Jan 13, 2022 | Commentaires fermés sur Pourquoi les vieux, qui n’ont rien à faire, traversent-ils au feu rouge ? création collective du Collectif 2222, mise en scène Thylda Barès, au Lavoir Moderne Parisien, Paris

 

© collectif 2222

 

article de Nicolas Thevenot

La vieillesse est un naufrage. L’expression est du général. Elle est bien connue, éculée. N’empêche, et c’est tout à son honneur, le Collectif 2222, formé par d’anciens élèves de l’Ecole Lecoq, a décidé d’en faire son territoire de jeu. La vieillesse, ce pays si lointain pour notre société qu’il serait devenu un pays étranger que l’on ne saurait aborder qu’à reculons. La proposition est culottée, le titre alléchant. La dernière fois que l’on avait vu des vieilles et des vieux c’était dans la vertigineuse et inoubliable mise en scène de Warlikowsky à l’Opéra Garnier de l’Orphée et Eurydice de Gluck. Il y eut aussi le polémique Sur le concept du visage du fils de Dieu de Romeo Castellucci.

Il y a aussi ces représentations sclérosées que le cinéma produit à la chaîne, sentimentalistes et servant uniquement de faire-valoir à d’autres générations.

Pourquoi les vieux, qui n’ont rien à faire, traversent-ils au feu rouge ? nous installe donc dans une maison de retraite et nous invite à partager le quotidien de ses résidents qui ne sont que passagers comme nous le rappelle assez vite un premier décès. Distribution de médoc, animations ludiques, anniversaire, abandon des proches, camaraderie et petites mesquineries entre pensionnaires, seront de la partie.

L’utilisation de masques, le registre burlesque, indiquent l’intention de traiter cette chronique d’un EHPAD ordinaire dans un rapport décalé et drôle.

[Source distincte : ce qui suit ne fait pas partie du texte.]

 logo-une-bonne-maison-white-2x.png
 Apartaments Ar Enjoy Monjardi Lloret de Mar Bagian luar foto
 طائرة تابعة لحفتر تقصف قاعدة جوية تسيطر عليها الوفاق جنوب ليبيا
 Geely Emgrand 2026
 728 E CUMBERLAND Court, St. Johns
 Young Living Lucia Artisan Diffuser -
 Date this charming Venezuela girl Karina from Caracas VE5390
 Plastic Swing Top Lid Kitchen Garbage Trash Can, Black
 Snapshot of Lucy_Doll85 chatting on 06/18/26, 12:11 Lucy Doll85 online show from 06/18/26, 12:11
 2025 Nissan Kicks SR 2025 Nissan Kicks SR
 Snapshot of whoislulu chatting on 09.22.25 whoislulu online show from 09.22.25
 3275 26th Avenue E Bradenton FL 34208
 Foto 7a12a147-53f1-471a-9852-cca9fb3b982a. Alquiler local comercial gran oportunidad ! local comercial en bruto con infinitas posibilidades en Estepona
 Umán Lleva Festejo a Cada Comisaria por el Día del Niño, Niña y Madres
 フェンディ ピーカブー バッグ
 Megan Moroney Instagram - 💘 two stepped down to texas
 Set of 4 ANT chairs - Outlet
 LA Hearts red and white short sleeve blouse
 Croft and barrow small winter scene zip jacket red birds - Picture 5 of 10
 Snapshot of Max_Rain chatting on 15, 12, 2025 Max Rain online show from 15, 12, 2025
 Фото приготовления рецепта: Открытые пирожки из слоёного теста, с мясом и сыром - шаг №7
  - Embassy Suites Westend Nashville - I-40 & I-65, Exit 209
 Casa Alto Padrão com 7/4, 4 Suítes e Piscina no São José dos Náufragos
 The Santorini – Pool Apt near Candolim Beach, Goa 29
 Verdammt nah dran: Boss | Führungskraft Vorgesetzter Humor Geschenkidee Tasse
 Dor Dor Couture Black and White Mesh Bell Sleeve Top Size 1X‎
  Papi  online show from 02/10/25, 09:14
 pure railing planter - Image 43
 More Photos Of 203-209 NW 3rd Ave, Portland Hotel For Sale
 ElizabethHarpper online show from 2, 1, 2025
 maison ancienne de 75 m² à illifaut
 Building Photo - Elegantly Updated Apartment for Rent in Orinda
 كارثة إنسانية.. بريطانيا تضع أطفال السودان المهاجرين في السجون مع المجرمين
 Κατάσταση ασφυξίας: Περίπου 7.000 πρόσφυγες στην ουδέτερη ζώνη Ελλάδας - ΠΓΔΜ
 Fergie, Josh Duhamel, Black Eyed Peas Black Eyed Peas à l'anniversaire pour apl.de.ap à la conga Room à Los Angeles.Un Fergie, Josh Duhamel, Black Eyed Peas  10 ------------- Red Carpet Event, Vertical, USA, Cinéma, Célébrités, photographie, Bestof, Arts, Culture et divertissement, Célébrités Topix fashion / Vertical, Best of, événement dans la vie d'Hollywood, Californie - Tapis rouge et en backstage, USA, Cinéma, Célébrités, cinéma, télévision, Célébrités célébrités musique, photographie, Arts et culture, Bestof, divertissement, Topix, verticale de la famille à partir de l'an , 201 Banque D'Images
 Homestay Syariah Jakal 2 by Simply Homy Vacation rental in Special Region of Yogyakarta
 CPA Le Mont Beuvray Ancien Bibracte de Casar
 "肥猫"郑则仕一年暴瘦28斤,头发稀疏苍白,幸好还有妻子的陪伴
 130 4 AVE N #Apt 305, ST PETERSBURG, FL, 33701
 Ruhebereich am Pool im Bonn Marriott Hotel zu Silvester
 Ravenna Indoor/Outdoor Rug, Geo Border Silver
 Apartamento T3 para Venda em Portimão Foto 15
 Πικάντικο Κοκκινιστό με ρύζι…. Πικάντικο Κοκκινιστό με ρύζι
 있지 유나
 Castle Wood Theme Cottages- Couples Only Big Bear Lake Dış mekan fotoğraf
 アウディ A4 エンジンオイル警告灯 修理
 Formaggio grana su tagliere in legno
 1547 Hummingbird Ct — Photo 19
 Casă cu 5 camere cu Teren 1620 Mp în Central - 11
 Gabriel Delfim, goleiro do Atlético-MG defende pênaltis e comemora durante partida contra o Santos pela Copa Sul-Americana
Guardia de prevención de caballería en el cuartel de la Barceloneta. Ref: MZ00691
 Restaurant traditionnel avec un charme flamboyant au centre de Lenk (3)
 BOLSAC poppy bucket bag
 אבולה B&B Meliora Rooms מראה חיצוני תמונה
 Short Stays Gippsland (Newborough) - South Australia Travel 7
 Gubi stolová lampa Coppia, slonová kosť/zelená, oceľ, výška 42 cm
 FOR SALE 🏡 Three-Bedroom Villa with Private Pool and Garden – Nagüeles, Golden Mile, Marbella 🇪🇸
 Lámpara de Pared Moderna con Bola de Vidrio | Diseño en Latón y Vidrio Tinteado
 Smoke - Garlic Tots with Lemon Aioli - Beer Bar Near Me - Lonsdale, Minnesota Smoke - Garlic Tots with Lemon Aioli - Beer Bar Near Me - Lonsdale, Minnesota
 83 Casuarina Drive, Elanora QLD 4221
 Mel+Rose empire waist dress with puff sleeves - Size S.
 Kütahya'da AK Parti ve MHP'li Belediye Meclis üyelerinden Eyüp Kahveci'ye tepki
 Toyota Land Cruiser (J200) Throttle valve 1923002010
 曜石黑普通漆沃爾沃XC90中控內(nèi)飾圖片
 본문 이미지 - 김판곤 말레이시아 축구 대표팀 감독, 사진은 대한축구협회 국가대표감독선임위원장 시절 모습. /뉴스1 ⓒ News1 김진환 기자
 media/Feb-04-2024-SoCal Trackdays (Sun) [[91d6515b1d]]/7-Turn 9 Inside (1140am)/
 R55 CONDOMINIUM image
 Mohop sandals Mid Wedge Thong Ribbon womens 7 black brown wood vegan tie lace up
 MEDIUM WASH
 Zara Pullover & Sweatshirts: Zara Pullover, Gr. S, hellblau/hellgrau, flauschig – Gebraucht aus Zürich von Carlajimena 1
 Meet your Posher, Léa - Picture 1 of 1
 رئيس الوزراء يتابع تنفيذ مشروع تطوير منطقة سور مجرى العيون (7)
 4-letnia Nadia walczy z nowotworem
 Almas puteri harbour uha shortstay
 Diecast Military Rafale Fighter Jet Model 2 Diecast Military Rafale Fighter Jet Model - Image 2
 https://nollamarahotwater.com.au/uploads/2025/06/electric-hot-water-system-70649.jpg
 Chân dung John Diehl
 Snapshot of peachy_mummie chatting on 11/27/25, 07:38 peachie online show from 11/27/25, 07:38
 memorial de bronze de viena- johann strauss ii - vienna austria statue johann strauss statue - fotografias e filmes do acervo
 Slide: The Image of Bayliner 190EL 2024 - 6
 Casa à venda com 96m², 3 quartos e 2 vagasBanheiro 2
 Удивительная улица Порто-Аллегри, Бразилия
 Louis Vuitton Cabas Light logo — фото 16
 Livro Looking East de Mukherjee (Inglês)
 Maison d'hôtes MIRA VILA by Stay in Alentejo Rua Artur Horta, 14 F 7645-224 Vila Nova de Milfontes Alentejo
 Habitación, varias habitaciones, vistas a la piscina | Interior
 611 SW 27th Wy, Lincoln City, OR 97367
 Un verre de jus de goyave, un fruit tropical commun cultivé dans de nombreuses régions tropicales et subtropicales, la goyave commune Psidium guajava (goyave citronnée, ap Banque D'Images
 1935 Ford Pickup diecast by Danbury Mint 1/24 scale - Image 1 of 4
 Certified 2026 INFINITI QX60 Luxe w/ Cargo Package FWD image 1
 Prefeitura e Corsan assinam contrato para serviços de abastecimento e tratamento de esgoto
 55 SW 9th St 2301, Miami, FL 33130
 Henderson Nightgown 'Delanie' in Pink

Sauf que c’est plutôt un sentiment d’inconfort qui aura rapidement pris le dessus. Non pas que quoi que ce soit ait pu nous choquer dans la forme ou le propos. Non, ce qui nous a agacé est, bien au contraire, le fait de n’avoir assisté qu’à des attendus relativement polis, comme si l’écart initial du masque avait été jugé suffisamment effronté pour ensuite retourner sur un chemin bien assagi. Egalement un plateau qui fonctionne beaucoup par idées et gags, mais ne prend pas le temps de vraiment s’écrire organiquement et se déployer vers des terres inconnues et inattendues (à l’exception de la scène de tournoi en chaises roulantes).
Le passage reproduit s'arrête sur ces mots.